• **Task to carry out**
Reproduce exactly the lines from the top of the records below through the line holding "I.5.1. Obwód rybacki".

• **Dataset excerpts**
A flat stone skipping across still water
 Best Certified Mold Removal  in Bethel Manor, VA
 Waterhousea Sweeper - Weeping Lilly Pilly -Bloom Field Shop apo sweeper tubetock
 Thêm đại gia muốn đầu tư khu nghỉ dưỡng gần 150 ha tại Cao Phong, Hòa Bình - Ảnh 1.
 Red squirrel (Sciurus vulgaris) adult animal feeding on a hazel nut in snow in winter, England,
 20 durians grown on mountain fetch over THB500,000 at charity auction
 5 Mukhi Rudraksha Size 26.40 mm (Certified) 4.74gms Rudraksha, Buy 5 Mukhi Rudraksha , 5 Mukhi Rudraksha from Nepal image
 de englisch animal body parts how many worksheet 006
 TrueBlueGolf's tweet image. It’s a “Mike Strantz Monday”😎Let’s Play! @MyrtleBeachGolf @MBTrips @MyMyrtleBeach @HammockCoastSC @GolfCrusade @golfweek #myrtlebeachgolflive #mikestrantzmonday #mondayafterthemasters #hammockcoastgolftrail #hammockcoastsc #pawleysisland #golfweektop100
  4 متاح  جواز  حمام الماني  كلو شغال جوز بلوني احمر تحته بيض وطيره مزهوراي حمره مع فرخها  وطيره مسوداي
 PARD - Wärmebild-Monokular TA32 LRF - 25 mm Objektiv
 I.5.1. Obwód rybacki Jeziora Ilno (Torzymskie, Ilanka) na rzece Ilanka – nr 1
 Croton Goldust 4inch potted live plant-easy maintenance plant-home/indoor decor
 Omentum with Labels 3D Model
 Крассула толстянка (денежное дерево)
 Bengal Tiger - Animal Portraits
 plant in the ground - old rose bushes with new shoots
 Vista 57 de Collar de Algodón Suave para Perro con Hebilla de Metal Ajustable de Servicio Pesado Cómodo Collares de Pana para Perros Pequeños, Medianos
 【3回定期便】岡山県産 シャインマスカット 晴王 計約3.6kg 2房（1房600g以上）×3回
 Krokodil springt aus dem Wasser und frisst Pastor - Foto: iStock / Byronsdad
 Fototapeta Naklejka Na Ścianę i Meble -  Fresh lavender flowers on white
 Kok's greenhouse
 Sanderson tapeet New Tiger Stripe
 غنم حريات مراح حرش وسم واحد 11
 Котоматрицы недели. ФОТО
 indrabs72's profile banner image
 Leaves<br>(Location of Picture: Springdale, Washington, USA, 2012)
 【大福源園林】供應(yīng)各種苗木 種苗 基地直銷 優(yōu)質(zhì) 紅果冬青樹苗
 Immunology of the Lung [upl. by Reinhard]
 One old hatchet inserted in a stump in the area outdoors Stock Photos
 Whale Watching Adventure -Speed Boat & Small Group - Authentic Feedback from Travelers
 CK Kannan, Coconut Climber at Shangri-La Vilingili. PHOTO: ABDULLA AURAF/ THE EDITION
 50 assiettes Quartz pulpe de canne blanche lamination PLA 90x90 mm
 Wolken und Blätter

• **Finished task**
A flat stone skipping across still water
 Best Certified Mold Removal  in Bethel Manor, VA
 Waterhousea Sweeper - Weeping Lilly Pilly -Bloom Field Shop apo sweeper tubetock
 Thêm đại gia muốn đầu tư khu nghỉ dưỡng gần 150 ha tại Cao Phong, Hòa Bình - Ảnh 1.
 Red squirrel (Sciurus vulgaris) adult animal feeding on a hazel nut in snow in winter, England,
 20 durians grown on mountain fetch over THB500,000 at charity auction
 5 Mukhi Rudraksha Size 26.40 mm (Certified) 4.74gms Rudraksha, Buy 5 Mukhi Rudraksha , 5 Mukhi Rudraksha from Nepal image
 de englisch animal body parts how many worksheet 006
 TrueBlueGolf's tweet image. It’s a “Mike Strantz Monday”😎Let’s Play! @MyrtleBeachGolf @MBTrips @MyMyrtleBeach @HammockCoastSC @GolfCrusade @golfweek #myrtlebeachgolflive #mikestrantzmonday #mondayafterthemasters #hammockcoastgolftrail #hammockcoastsc #pawleysisland #golfweektop100
  4 متاح  جواز  حمام الماني  كلو شغال جوز بلوني احمر تحته بيض وطيره مزهوراي حمره مع فرخها  وطيره مسوداي
 PARD - Wärmebild-Monokular TA32 LRF - 25 mm Objektiv
 I.5.1. Obwód rybacki Jeziora Ilno (Torzymskie, Ilanka) na rzece Ilanka – nr 1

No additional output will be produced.